::: Dataset excerpts :::

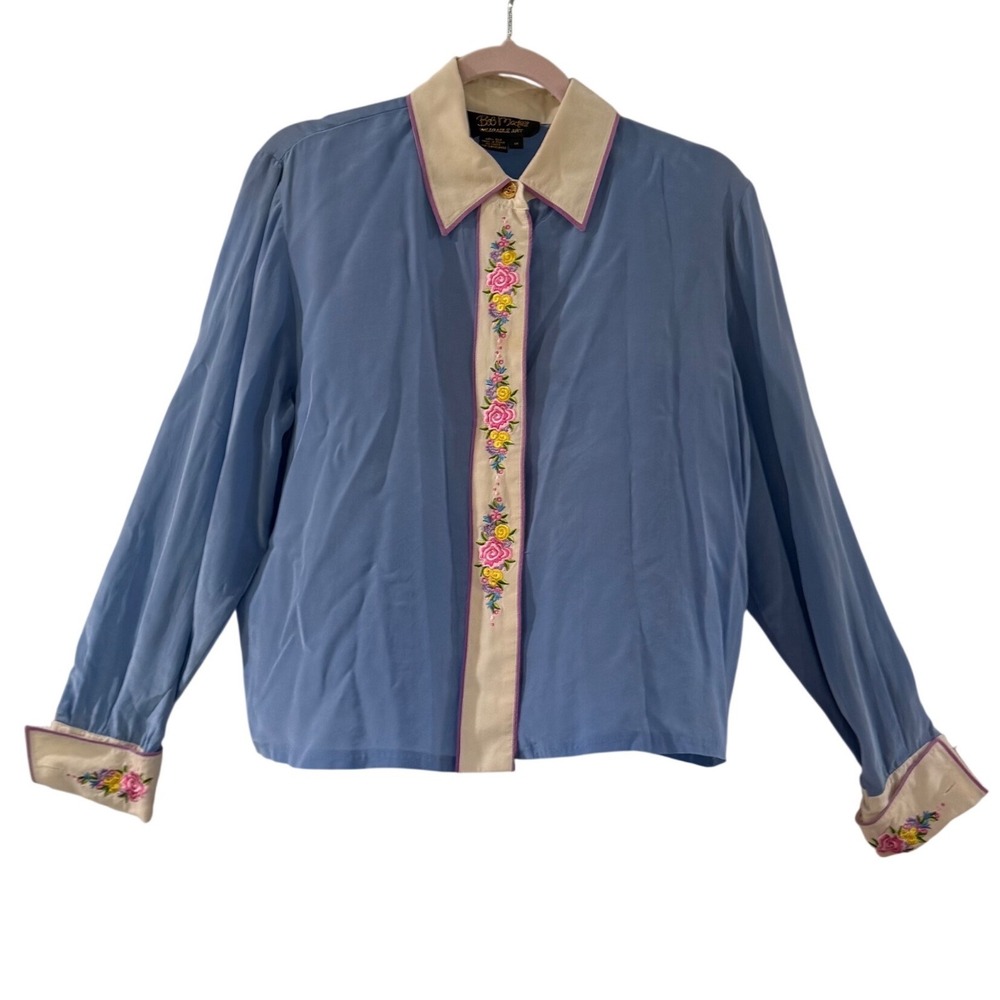 Bob Mackie Blue 100% Silk Floral Embroidered Blouse Womens M Coquette romantic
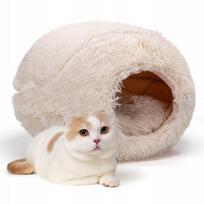 Katinų guolis-namelis Nobleza, baltas, apvalus, 46x47x36 cm, 2 viename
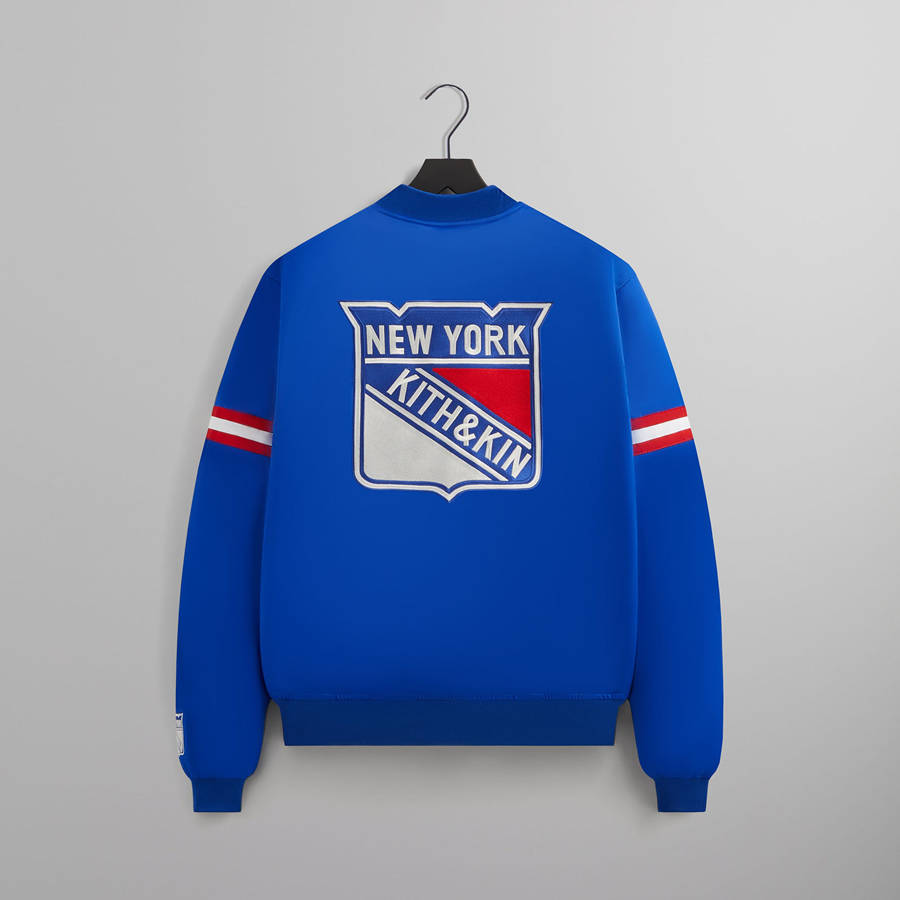 Blue Men Kith for the New York Rangers Satin Bomber Jackets | 5072-SWIVQ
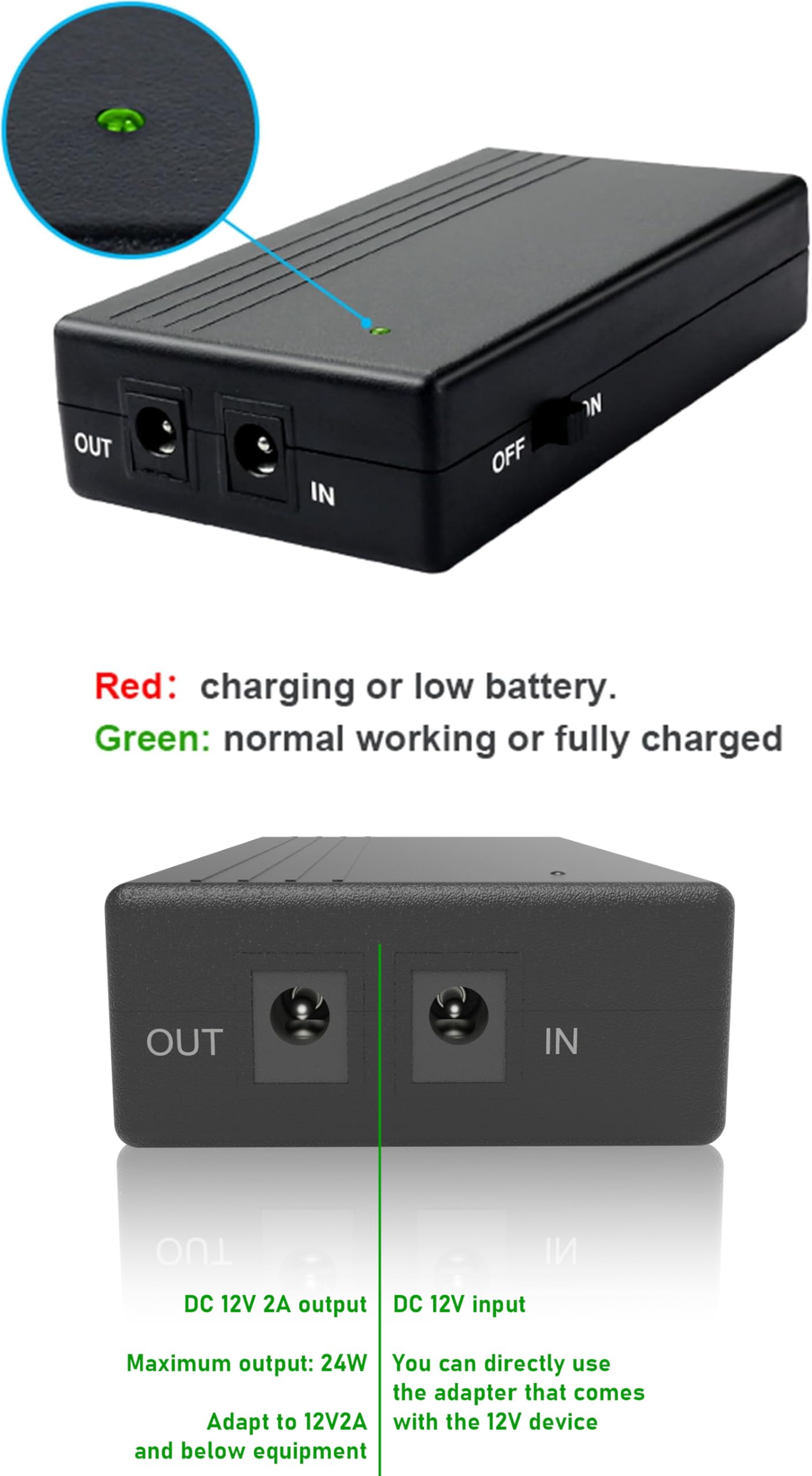 Mini UPS 12V Fuente de alimentación ininterrumpida, 7800mAh Banco de energía para Pilas ups batería de Respaldo para Router Cámara,única de 12 V DC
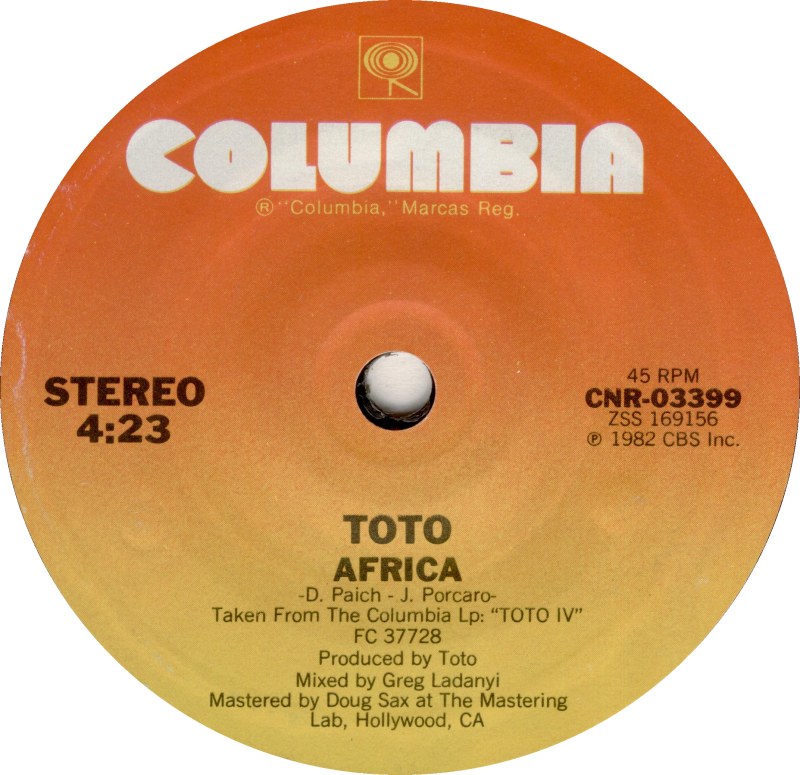 Africa by Toto (Single; Columbia; CNR-03399): Reviews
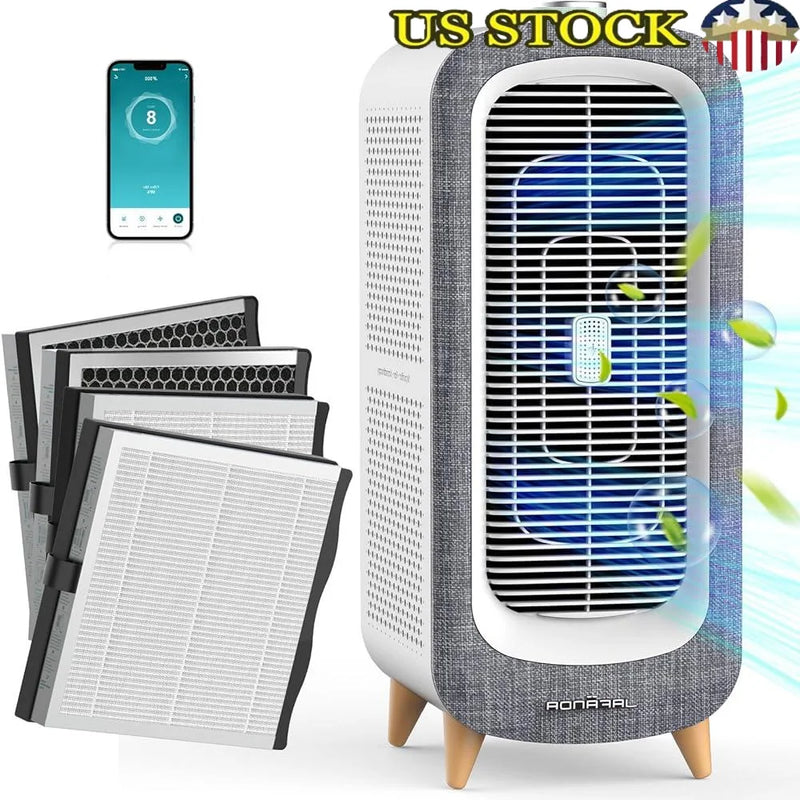 Large-room air purifier 2105 ft² capacity with True HEPA 13 and activated carbon filters; US stock image with extra replacement filters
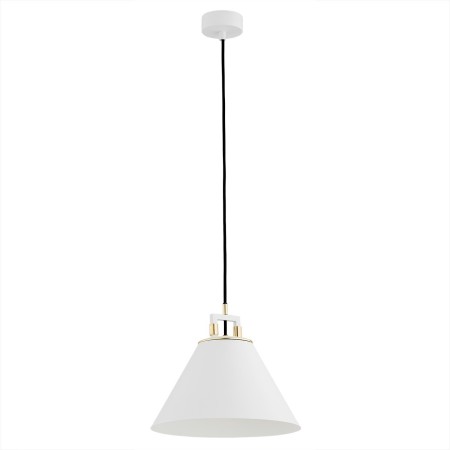 Argon ORTE 4914 biała lampa wisząca z elementami mosiądzowanymi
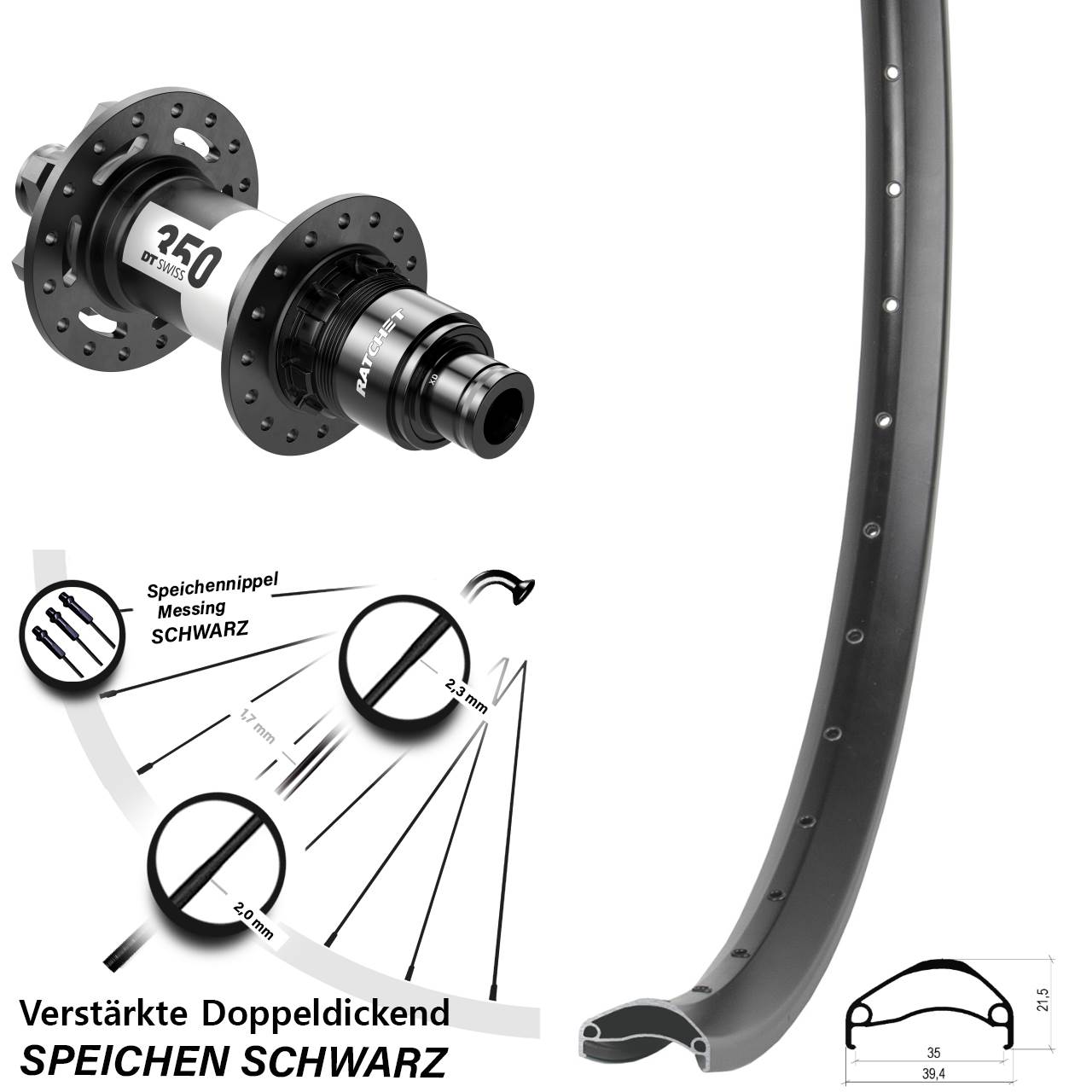 Disc Hinterrad 29 Zoll Ambrosio E35 DT Swiss 350 SRAM XD 12x142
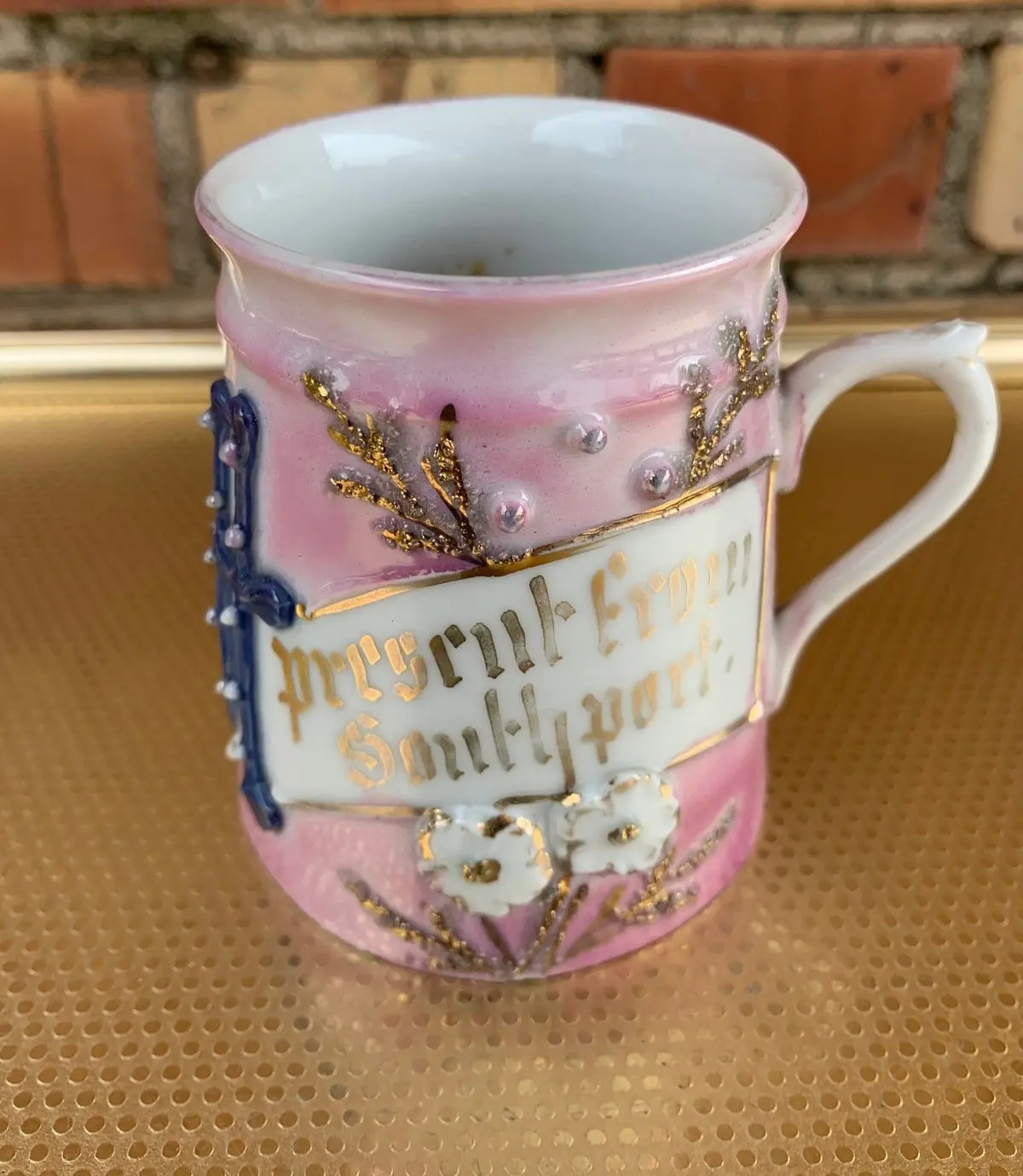 Small Pink And White Souvenier Cup 1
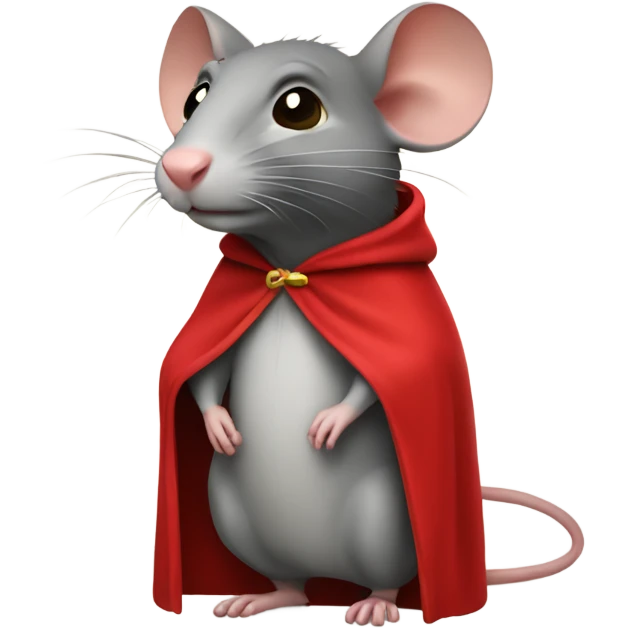 Cartoon rat wearing a red cape emoji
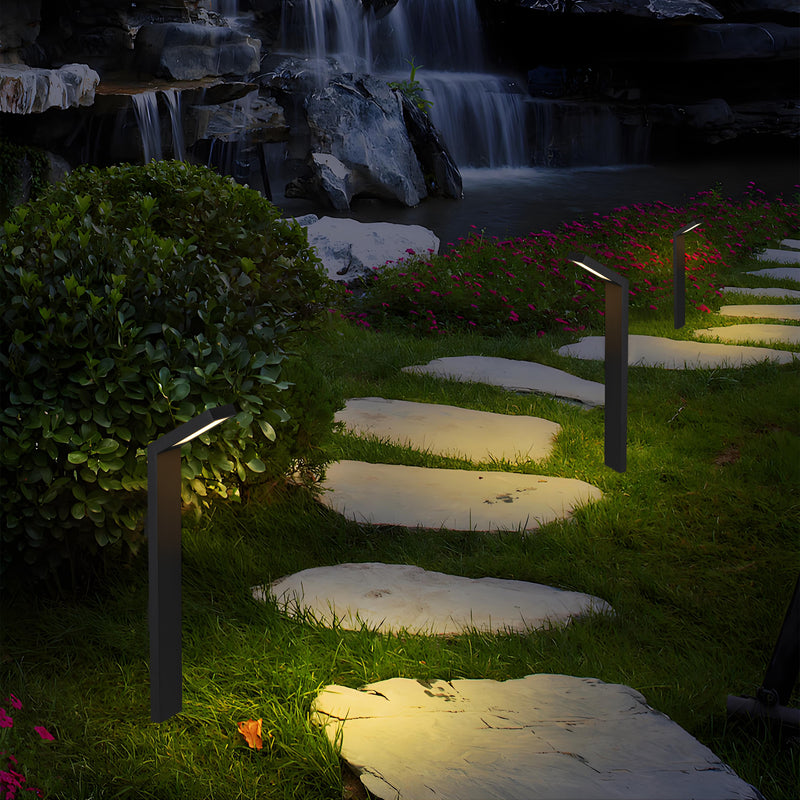 10-Pack Low-voltage Black Aluminum LED Landscape Path Lights with Frosted Glass Shade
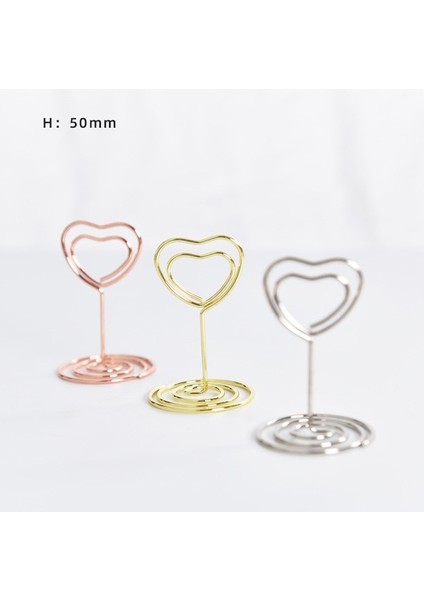 Heart-S 10PCS-GOLD 10PCS Yer Kartı Kelepçeleri Standı Metalik Gül Altın Kalp Şekli Fotoğraf Klipleri Kağıt Kelepçesi Masa Numaraları Tutucu Masaüstü Dekorasyon (Yurt Dışından)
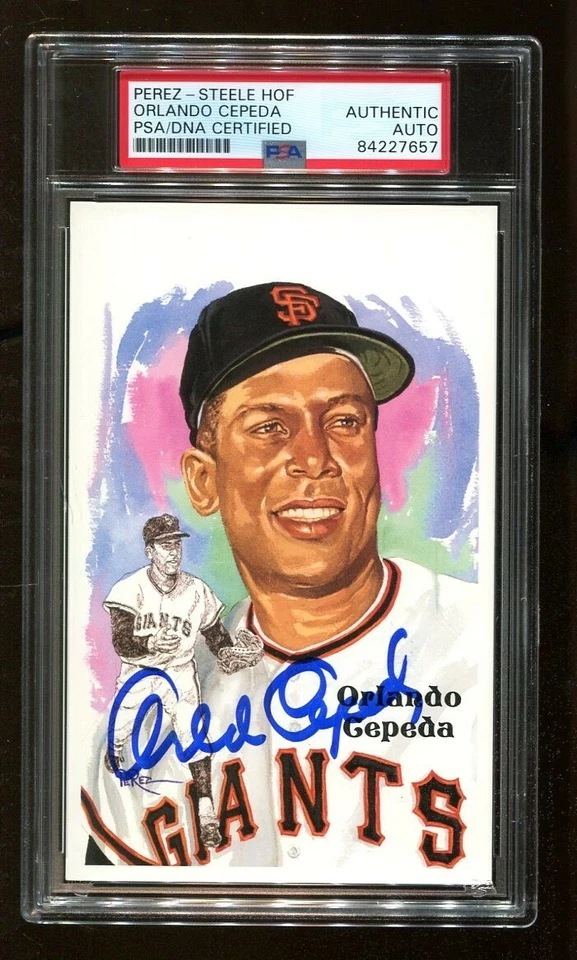 Orlando Cepeda Signed Perez-Steele HOF Postcard Autographed Giants PSA/DNA - Image 1 of 2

:::

Brief: The answer consists solely of the lines from the one holding "Heart-S 10PCS-GOLD 10PCS" through the final line of the records, both ends included, each duplicated exactly. Leave images out.

Answer below:
 Heart-S 10PCS-GOLD 10PCS Yer Kartı Kelepçeleri Standı Metalik Gül Altın Kalp Şekli Fotoğraf Klipleri Kağıt Kelepçesi Masa Numaraları Tutucu Masaüstü Dekorasyon (Yurt Dışından)
 Orlando Cepeda Signed Perez-Steele HOF Postcard Autographed Giants PSA/DNA - Image 1 of 2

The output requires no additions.